MATERIAL PROVIDED:
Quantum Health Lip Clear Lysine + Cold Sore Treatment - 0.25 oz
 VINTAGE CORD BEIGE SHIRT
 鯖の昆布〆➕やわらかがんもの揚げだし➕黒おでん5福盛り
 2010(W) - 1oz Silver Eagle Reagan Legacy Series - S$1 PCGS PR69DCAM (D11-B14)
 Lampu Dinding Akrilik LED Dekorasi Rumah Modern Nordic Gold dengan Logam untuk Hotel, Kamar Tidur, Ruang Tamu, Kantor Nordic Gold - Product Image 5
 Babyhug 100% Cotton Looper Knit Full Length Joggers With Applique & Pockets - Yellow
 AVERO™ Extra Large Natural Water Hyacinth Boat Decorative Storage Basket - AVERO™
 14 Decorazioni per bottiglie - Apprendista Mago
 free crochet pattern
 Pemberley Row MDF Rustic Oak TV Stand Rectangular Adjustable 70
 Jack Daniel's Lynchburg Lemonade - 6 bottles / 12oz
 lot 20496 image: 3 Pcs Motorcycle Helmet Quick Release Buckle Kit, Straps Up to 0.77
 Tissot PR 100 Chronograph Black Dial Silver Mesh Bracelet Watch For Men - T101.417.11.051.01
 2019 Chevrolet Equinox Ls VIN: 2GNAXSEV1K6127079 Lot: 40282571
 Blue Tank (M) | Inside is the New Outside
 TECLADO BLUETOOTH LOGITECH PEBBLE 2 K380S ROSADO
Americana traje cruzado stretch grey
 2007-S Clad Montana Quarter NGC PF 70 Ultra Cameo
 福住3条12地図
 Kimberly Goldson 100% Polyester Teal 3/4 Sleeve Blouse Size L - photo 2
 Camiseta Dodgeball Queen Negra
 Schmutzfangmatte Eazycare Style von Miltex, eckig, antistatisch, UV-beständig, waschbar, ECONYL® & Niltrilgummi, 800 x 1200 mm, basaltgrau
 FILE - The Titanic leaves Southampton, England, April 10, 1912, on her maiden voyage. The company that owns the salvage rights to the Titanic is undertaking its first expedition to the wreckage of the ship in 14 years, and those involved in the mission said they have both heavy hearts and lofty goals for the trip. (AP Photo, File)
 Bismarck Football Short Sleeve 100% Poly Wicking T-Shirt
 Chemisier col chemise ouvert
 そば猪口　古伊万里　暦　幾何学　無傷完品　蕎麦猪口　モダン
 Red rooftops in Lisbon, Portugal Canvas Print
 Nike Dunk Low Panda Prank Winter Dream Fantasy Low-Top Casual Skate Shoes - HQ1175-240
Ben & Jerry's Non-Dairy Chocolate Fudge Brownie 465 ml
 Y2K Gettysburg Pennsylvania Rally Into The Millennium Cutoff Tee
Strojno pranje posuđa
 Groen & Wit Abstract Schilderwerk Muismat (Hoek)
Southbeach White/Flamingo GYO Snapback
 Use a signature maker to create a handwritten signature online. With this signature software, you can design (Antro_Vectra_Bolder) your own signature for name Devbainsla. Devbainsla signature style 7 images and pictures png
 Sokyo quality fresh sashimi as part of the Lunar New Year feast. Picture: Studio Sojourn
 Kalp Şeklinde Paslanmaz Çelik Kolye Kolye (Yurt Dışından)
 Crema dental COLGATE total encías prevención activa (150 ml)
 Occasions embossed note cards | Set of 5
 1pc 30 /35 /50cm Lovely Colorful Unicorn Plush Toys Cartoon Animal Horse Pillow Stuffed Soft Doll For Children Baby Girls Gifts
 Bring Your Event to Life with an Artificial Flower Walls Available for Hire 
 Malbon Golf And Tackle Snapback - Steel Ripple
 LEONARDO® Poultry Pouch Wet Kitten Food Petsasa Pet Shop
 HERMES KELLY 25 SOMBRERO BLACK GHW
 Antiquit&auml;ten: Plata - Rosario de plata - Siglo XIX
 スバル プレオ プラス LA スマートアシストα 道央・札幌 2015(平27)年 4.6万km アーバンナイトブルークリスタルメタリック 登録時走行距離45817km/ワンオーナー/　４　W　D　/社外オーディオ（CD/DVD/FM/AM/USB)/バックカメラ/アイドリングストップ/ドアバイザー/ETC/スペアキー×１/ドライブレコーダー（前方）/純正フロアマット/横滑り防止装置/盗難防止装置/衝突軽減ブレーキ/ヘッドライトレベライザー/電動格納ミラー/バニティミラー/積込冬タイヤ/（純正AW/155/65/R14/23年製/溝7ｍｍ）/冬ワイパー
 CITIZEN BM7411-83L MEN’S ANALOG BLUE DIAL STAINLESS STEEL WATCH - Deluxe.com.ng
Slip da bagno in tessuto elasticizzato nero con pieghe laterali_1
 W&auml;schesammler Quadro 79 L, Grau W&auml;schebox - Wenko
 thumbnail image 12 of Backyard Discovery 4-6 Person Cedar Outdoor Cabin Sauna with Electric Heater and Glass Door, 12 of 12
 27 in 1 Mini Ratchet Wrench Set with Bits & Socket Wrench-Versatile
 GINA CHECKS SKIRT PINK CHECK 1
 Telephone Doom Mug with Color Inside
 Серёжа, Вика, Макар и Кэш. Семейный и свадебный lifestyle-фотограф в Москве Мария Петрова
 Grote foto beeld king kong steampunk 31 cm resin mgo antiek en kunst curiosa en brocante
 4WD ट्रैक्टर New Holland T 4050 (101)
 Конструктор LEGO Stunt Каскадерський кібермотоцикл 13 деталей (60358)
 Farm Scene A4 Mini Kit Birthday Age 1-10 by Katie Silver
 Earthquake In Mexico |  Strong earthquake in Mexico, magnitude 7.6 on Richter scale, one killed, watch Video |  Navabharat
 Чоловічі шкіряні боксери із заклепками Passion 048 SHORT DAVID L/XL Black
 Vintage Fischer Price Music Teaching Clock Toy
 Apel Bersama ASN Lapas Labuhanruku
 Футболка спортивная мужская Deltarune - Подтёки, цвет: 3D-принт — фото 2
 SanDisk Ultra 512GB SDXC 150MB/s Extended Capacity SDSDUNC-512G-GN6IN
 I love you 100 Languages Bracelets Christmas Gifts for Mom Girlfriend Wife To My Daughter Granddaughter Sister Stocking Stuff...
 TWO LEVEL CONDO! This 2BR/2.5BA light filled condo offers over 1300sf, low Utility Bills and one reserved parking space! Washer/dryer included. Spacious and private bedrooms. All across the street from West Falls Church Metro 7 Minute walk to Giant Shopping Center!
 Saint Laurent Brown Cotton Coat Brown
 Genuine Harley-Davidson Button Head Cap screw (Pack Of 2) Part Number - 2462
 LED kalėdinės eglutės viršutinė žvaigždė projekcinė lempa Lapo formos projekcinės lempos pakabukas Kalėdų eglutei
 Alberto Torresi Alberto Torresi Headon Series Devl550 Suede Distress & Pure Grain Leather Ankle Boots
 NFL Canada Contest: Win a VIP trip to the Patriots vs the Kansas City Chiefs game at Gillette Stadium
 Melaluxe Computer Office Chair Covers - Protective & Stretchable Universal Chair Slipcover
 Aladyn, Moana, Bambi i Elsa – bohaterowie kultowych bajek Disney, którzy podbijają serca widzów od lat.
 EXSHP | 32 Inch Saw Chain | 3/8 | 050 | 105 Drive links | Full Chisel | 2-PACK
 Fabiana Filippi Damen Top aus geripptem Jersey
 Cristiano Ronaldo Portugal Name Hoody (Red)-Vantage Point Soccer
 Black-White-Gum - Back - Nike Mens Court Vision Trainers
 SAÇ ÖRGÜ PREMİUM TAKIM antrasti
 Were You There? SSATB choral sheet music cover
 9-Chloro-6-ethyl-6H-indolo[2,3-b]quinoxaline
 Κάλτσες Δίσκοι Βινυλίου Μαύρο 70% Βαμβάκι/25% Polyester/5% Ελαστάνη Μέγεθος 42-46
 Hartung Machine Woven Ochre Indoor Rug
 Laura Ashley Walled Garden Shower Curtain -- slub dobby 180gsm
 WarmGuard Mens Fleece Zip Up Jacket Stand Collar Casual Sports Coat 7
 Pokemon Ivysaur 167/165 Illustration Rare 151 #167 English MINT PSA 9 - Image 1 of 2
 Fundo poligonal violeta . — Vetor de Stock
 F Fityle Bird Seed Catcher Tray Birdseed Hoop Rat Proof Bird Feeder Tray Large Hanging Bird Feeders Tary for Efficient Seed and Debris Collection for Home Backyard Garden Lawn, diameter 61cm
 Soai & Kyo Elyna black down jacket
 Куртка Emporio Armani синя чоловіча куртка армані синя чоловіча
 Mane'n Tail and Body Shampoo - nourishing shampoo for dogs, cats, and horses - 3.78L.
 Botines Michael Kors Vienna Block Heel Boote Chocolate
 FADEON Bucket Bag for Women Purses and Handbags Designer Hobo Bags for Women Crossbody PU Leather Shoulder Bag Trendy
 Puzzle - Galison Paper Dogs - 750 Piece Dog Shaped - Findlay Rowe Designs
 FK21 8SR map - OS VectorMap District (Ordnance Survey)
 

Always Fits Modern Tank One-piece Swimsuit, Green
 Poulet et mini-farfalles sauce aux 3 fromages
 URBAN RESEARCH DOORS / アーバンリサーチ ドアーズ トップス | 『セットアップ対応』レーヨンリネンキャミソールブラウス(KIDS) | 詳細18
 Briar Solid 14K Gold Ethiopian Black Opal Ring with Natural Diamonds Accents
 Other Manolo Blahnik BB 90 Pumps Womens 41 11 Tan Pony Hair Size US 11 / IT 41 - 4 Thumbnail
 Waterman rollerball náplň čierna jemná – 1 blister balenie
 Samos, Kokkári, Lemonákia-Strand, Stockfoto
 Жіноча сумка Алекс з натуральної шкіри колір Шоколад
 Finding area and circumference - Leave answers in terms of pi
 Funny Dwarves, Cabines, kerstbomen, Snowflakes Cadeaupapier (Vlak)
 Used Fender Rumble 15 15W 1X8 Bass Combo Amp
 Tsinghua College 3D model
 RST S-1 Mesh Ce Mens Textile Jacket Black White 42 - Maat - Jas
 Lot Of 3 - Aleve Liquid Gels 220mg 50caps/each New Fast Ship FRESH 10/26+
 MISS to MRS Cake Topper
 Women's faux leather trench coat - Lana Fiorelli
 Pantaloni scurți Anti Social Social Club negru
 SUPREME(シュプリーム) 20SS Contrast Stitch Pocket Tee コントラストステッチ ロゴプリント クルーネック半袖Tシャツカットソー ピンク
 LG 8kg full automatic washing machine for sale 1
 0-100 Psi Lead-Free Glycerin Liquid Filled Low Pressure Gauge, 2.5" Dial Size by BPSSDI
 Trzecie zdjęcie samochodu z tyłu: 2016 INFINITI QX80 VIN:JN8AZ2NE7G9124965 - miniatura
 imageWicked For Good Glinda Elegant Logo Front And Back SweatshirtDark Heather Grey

EXERCISE GOAL: Give an exact copy of the lines above from the line with "Samos, Kokkári, Lemonákia-Strand, Stockfoto" up to and including the line with "LG 8kg full", and leave everything else out.

RESPONSE TO THE TASK:
 Samos, Kokkári, Lemonákia-Strand, Stockfoto
 Жіноча сумка Алекс з натуральної шкіри колір Шоколад
 Finding area and circumference - Leave answers in terms of pi
 Funny Dwarves, Cabines, kerstbomen, Snowflakes Cadeaupapier (Vlak)
 Used Fender Rumble 15 15W 1X8 Bass Combo Amp
 Tsinghua College 3D model
 RST S-1 Mesh Ce Mens Textile Jacket Black White 42 - Maat - Jas
 Lot Of 3 - Aleve Liquid Gels 220mg 50caps/each New Fast Ship FRESH 10/26+
 MISS to MRS Cake Topper
 Women's faux leather trench coat - Lana Fiorelli
 Pantaloni scurți Anti Social Social Club negru
 SUPREME(シュプリーム) 20SS Contrast Stitch Pocket Tee コントラストステッチ ロゴプリント クルーネック半袖Tシャツカットソー ピンク
 LG 8kg full automatic washing machine for sale 1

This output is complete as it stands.